Exercise: Each line from the one with "法国与秘鲁精彩进攻回顾赛场上的激情碰撞与精彩瞬间" through the last line of the records must be output exactly, both ends included.

Start of Block

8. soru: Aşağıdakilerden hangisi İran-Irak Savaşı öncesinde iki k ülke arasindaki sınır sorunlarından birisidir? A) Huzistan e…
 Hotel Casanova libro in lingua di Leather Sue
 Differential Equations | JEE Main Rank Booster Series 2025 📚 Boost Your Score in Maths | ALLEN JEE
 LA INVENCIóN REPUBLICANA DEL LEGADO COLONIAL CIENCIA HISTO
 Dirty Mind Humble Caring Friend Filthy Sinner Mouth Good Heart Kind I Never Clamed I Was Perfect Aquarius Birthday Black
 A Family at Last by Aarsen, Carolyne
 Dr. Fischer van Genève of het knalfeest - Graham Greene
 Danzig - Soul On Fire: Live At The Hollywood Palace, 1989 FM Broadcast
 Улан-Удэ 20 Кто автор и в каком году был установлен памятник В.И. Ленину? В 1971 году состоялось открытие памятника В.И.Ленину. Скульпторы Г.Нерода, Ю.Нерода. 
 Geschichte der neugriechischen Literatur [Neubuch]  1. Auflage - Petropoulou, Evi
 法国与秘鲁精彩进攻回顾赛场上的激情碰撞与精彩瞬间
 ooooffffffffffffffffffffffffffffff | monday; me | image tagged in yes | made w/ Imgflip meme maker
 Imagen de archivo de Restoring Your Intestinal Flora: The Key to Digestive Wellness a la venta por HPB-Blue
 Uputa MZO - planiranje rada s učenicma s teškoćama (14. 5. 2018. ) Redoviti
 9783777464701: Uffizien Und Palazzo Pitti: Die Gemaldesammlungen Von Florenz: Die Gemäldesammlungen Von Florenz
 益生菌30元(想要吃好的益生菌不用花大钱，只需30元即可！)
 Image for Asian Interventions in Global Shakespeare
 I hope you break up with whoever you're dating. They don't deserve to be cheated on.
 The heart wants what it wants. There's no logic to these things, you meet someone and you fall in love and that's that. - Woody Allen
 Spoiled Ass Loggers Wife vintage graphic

End of Block

Answer space:
 法国与秘鲁精彩进攻回顾赛场上的激情碰撞与精彩瞬间
 ooooffffffffffffffffffffffffffffff | monday; me | image tagged in yes | made w/ Imgflip meme maker
 Imagen de archivo de Restoring Your Intestinal Flora: The Key to Digestive Wellness a la venta por HPB-Blue
 Uputa MZO - planiranje rada s učenicma s teškoćama (14. 5. 2018. ) Redoviti
 9783777464701: Uffizien Und Palazzo Pitti: Die Gemaldesammlungen Von Florenz: Die Gemäldesammlungen Von Florenz
 益生菌30元(想要吃好的益生菌不用花大钱，只需30元即可！)
 Image for Asian Interventions in Global Shakespeare
 I hope you break up with whoever you're dating. They don't deserve to be cheated on.
 The heart wants what it wants. There's no logic to these things, you meet someone and you fall in love and that's that. - Woody Allen
 Spoiled Ass Loggers Wife vintage graphic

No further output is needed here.